Hunyuan3D World Model 1.0: Tencent’s open-world generation model.
Aeneas: Google’s open-source AI for restoring ancient texts.
Alibaba Quark AI glasses: Debuted, powered by the company’s Qwen model.
Tesla & Samsung Deal: $16.5B deal for manufacturing Tesla’s next-gen AI6 chips.
Runway & IMAX: Partnership to bring AI-generated shorts to theaters.
Google DeepMind: CEO Demis Hassabis reported 980 trillion tokens processed across Google AI products in June, a 2x increase from May.

Hierarchical Reasoning Model (HRM): Singapore-based Sapient Intelligence has developed a new AI model, HRM, which challenges the conventional belief that “bigger is better” in AI. This tiny 27M-parameter model solves complex reasoning puzzles that larger AI models like ChatGPT struggle with. HRM mimics the human brain’s hierarchical structure, using a high-level “planner” for strategic thinking and a low-level “worker” for rapid calculations. This allows HRM to “think” deeply in a single forward pass and learn from minimal examples without extensive pre-training.
Performance: On the ARC-AGI benchmark (an AI IQ test), HRM achieved 40.3%, significantly outperforming Claude 3.7 (21.2%) and OpenAI’s o3-mini-high (34.5%). It also solved 55% of Sudoku-Extreme puzzles and 74.5% of 30x30 mazes, where other models scored 0%. HRM can be trained in just two GPU hours.
- Implications: HRM demonstrates that architecture can be more important than size, leading to cheaper AI deployment, faster training, and better reasoning without expensive compute. Its open-source nature suggests a future where powerful AI can run efficiently on local machines, potentially disrupting the dominance of massive data centers.

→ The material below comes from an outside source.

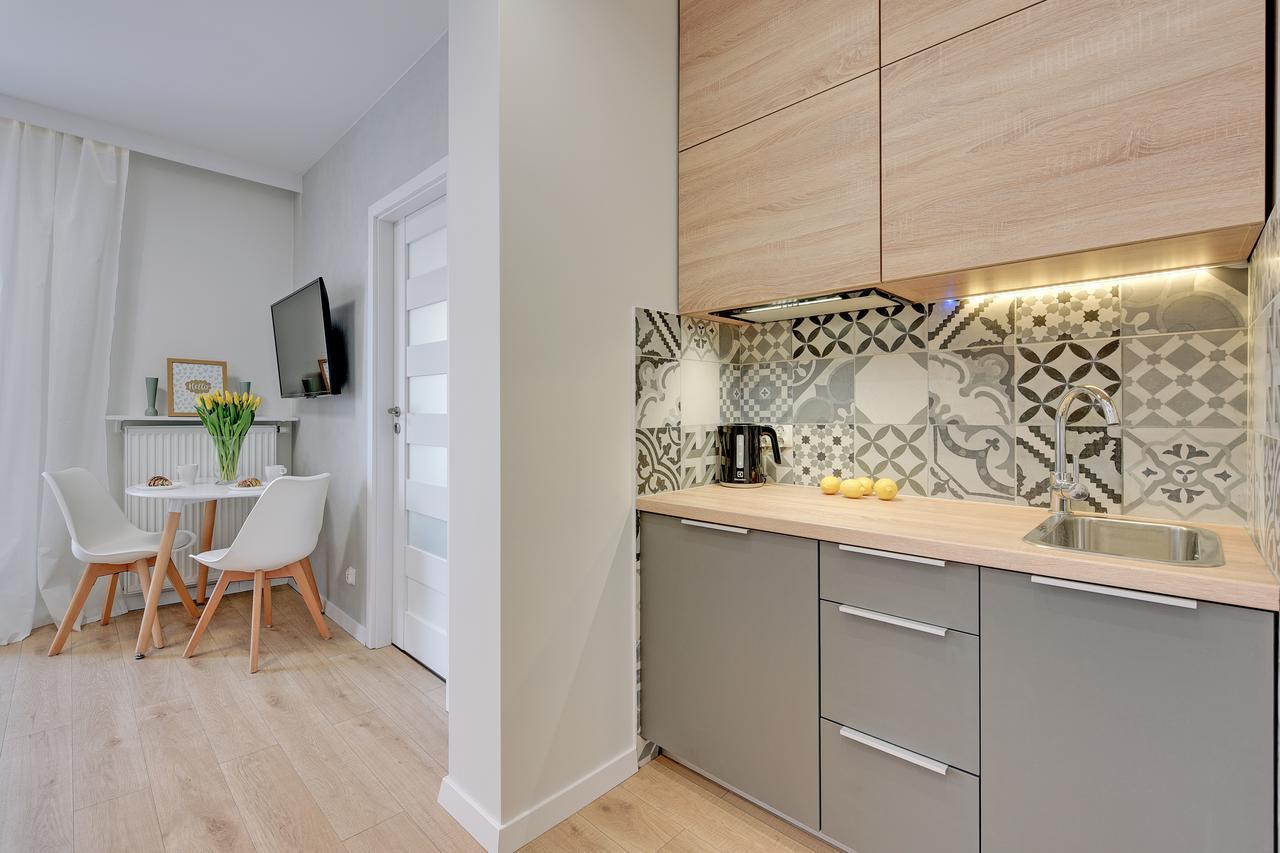 Apartamenty Chmielna 72 กดัญสก์ ภายนอก รูปภาพ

Honesty in AI: A key tip from leaked Claude Code and Gemini 2.5 Pro system prompts is to force AI to admit when it doesn't know something. For example, include a rule like: “If you cannot find a complete solution, you must not guess.”
Structured Prompting: An upgraded prompt format suggests: “Can you fully answer this question? Summary: [your main findings] Details: [step-by-step with explanations] Gaps: [anything you’re unsure about].” Additionally, verify answers by asking the AI to find errors in its own response.

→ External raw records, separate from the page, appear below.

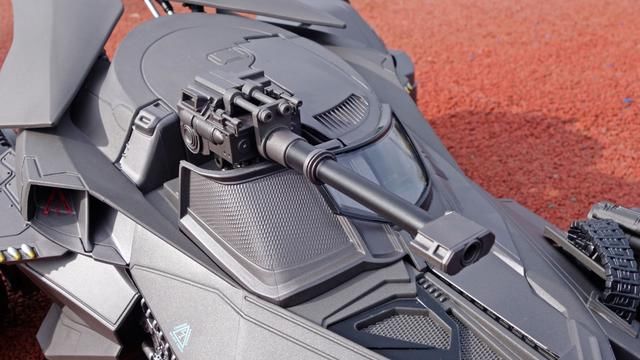 蝙蝠侠的战车叫什么 t01f4819a4ad3648572.jpg?size=640x360
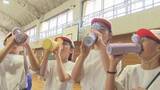 「「真夏日」小学校で運動会の練習　定期的に水分補給して「熱中症対策」　養護教諭が「暑さ指数」を確認　長野市」の画像1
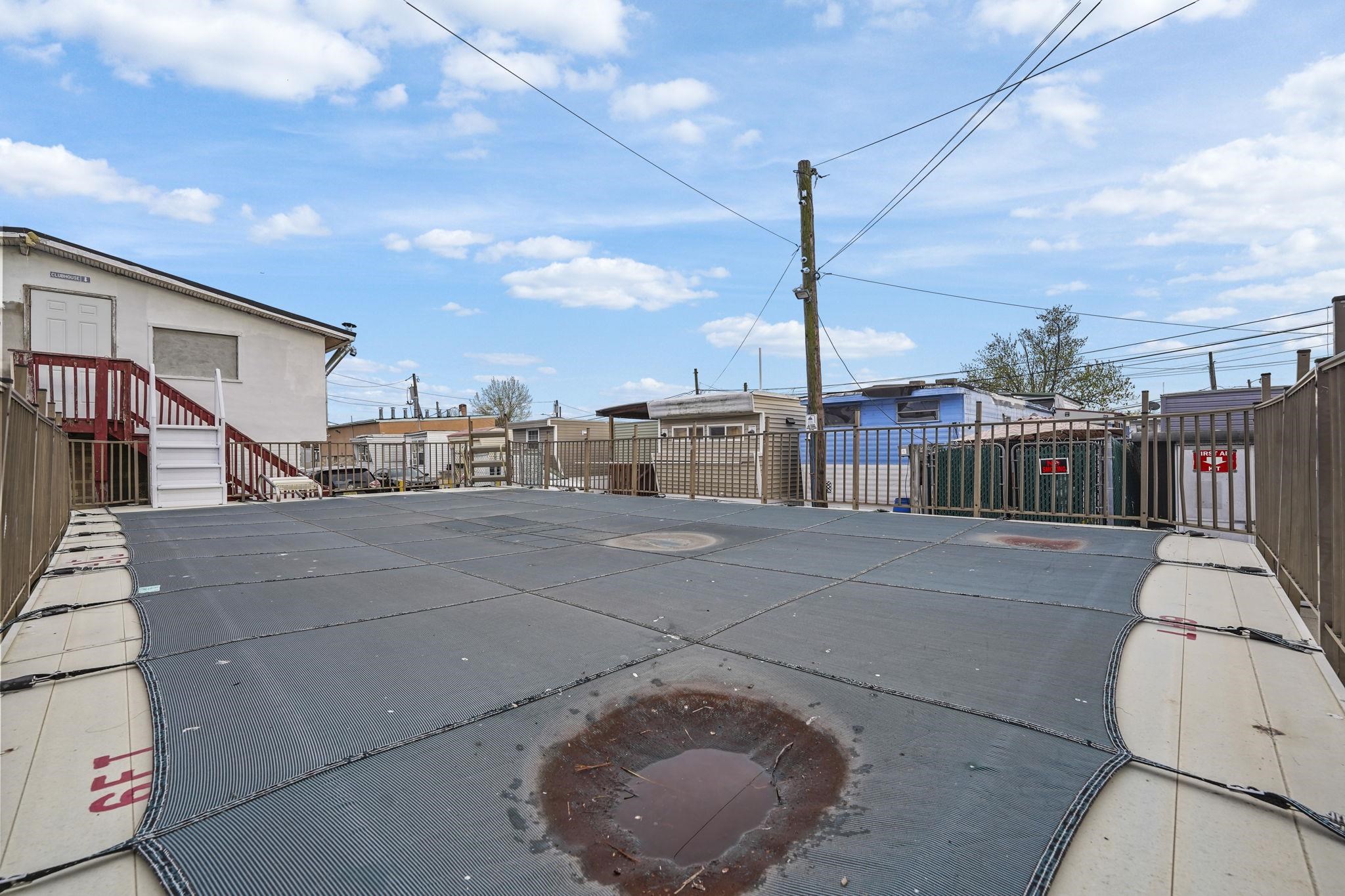 21 HELEN DR - Photo 3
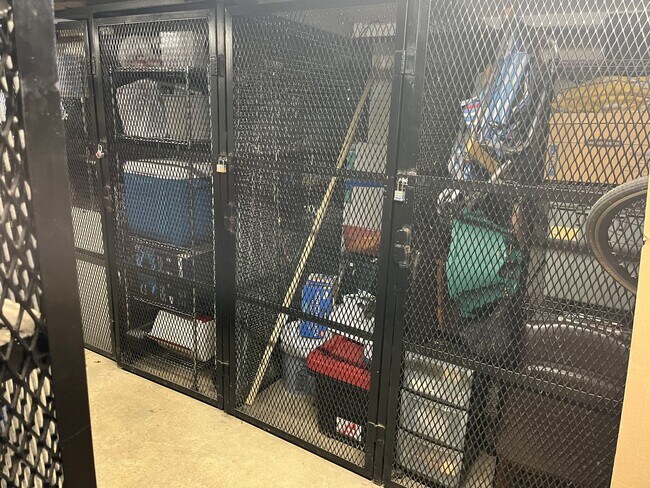 Building Photo - Warm Vintage Jumbo 2BR 2Bth w fireplace an...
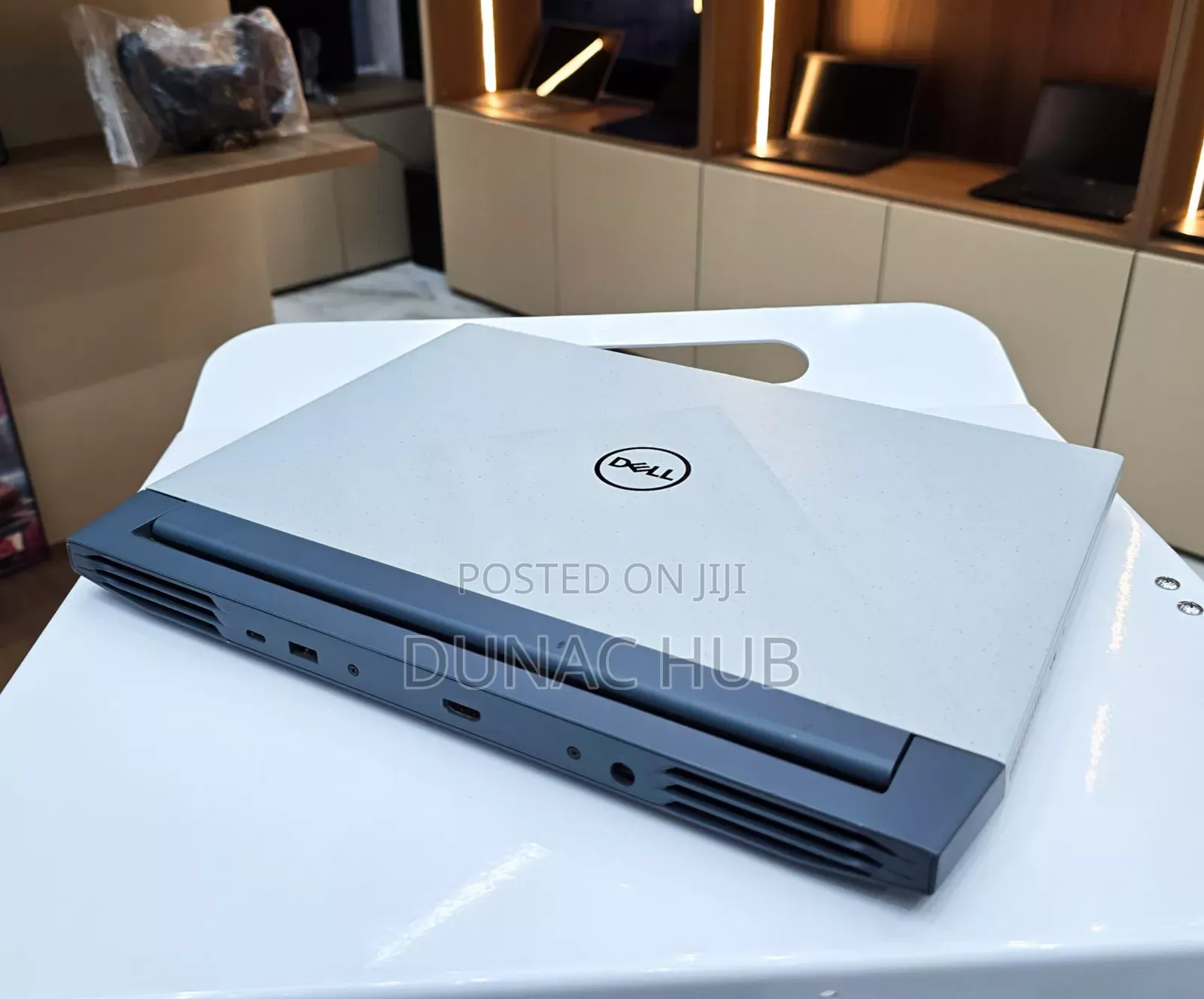 Laptop Dell G15 5511 16GB AMD Ryzen 5 SSD 512GB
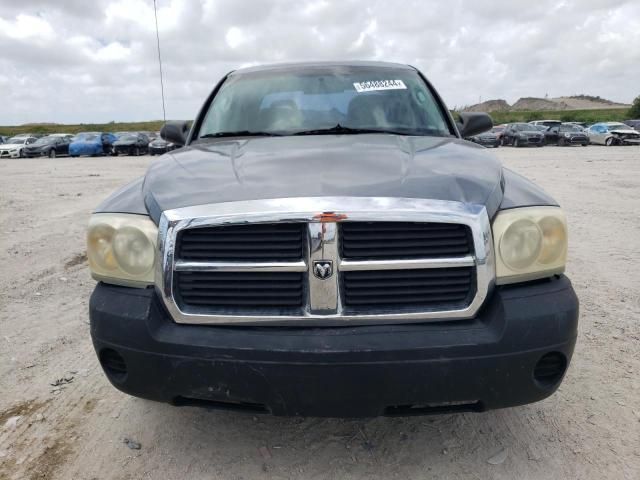 2006 Dodge Dakota Quattro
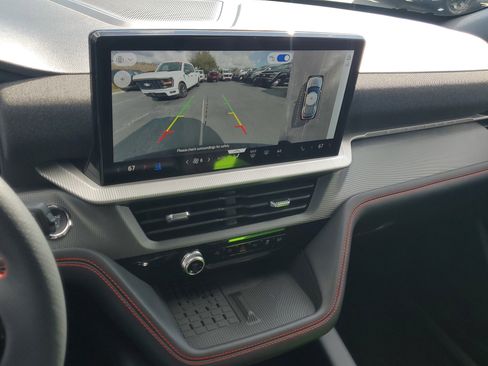 Certified 2025 Ford Explorer ST image 28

Flow: An AI voice keyboard for iPhone that converts speech to text 5x faster.
GLM 4.5: An open-source, GPT-4-level AI for complex reasoning, coding, and agent tasks.
Julius AI: Transforms Excel files into charts based on natural language questions, now with data connectors.
Shortcut: Automates complex Excel tasks, including financial modeling and spreadsheet filling.
Seed LiveInterpret 2.0: Provides instant voice conversation translation while preserving the original voice.
Wan 2.25B: Generates videos from text or images at 720P/24fps, compatible with consumer GPUs.

China AI Adoption: China reports a 99% AI adoption rate in universities and has published an AI Global Governance Initiative.